Verse 21: And he began to say unto them, This day is this scripture fulfilled in your ears.
This is quoted from Isaiah 61 where He actually uses the term “good tidings.” Jesus, being the YHVH of the Old Testament inspired Isaiah to write this verse about Himself when He would come in human form as Jesus Christ. When He did come, He proclaimed that these verses were about Himself. This is interesting. It is like a time machine and in effect, it is almost like Jesus Christ anointed Himself in advance.
But for what job did He anoint Himself? He tells us here in verse 18 that He anointed Himself for the job of the preaching of the Gospel – the Good Tidings. Yes, He healed people as well; and this fact is quite frequently linked to the preaching of the Gospel. He talks about healing the sick and about preaching the Gospel. But His number one priority was preaching the Gospel of the Kingdom of God.
I have sometimes wondered, because of the frequent scriptural tie-in between the preaching of the Gospel and the healing of the sick, if one of the reasons why it doesn’t seem that quite as many miraculous healings are taking place today might be because the true Gospel has been suppressed, and even perverted to some extent. That is just a personal speculation. I am not saying that God does not heal today. He certainly does. But, I am wondering how much of a tie-in between those two things.

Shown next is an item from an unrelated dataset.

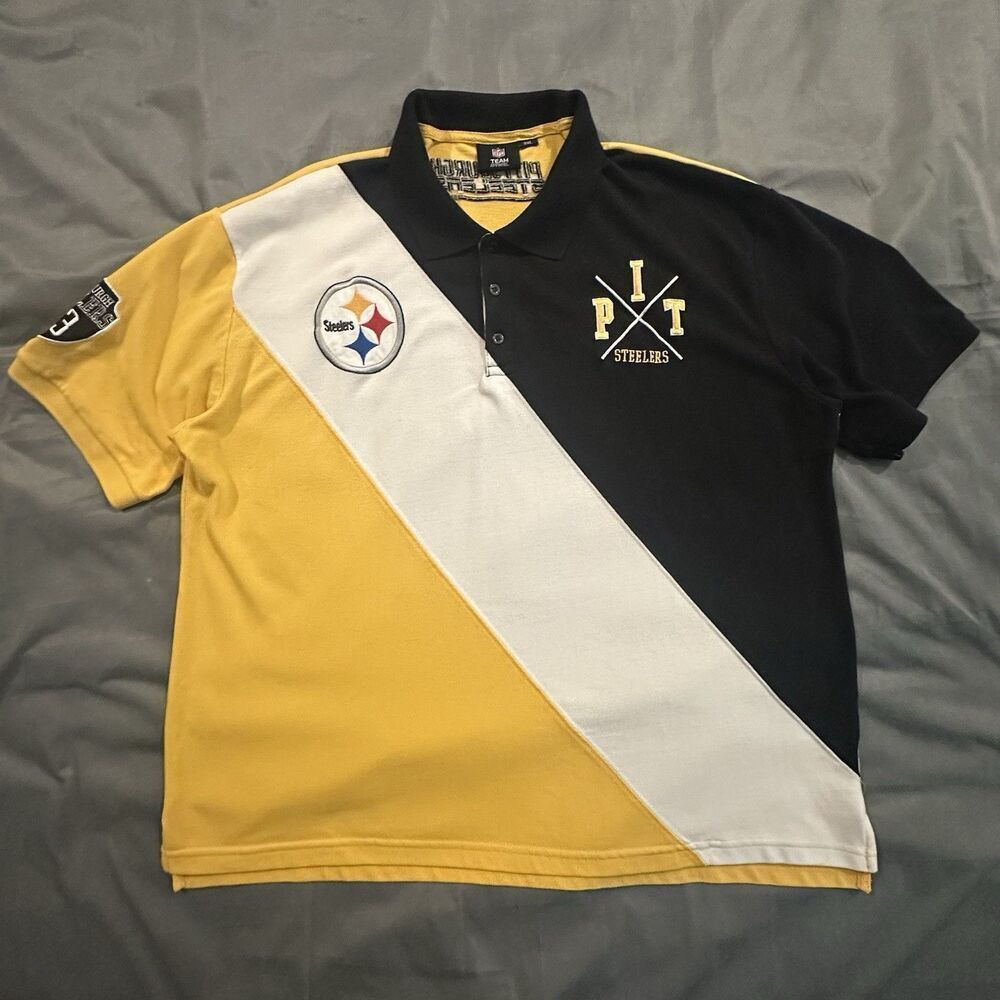 Pittsburgh Steelers Rugby Polo Colorblock Short Sleeve Embroidery Mens 2XL Y2K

Another question for our "Correspondence Course": What message did Jesus Christ send to John the Baptist, to strengthen him, when his faith was apparently wavering?
Then Jesus answering said unto them, Go your way, and tell John what things ye have seen and heard; how that the blind see, the lame walk, the lepers are cleansed, the deaf hear, the dead are raised, to the poor the gospel is preached.
We repeat our main question: What did Jesus do? He preached the Gospel.
Next questions: Was the Gospel to be preached by Jesus only? What did the disciples preach? Even while He was still alive, what did Jesus commission His disciples to do?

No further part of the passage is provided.